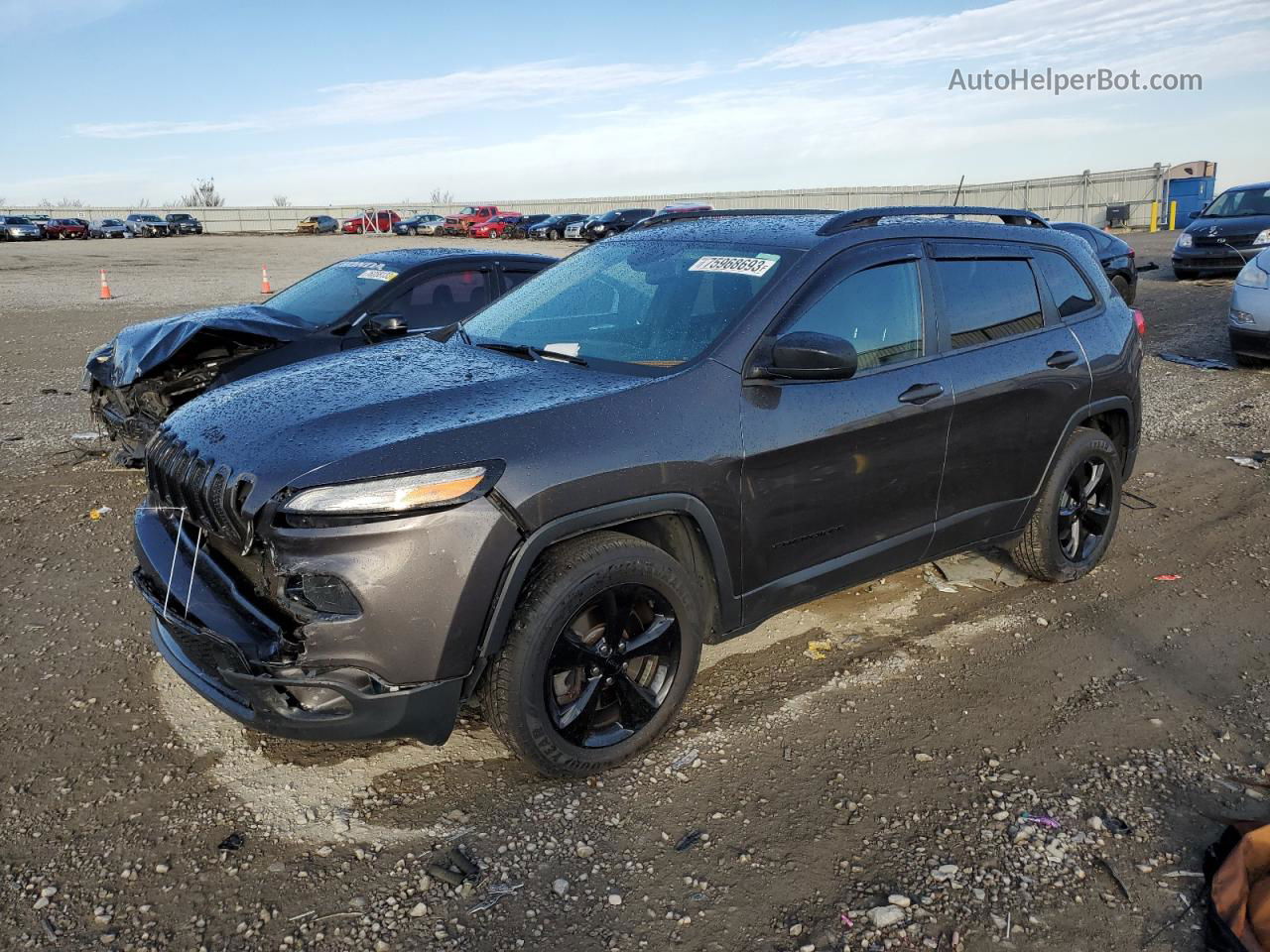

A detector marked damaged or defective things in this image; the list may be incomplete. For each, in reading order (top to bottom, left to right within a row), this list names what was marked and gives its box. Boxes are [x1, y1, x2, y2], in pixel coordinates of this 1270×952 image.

broken hood [86, 301, 319, 383]
wrecked vehicle [84, 249, 552, 464]
wrecked vehicle [137, 206, 1143, 774]
damaged front bumper [135, 494, 520, 746]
* * * * * * * * *
What the task asks:
Your task is to set down the records shown above exactly, minus any pictures.

Solution to the exercise:
A detector marked damaged or defective things in this image; the list may be incomplete. For each, in reading order (top to bottom, left to right within a row), this list names what was marked and gives its box. Boxes are [x1, y1, x2, y2], in pixel coordinates of this 1270×952 image.

broken hood [86, 301, 319, 383]
wrecked vehicle [84, 249, 552, 464]
wrecked vehicle [137, 206, 1143, 774]
damaged front bumper [135, 494, 520, 746]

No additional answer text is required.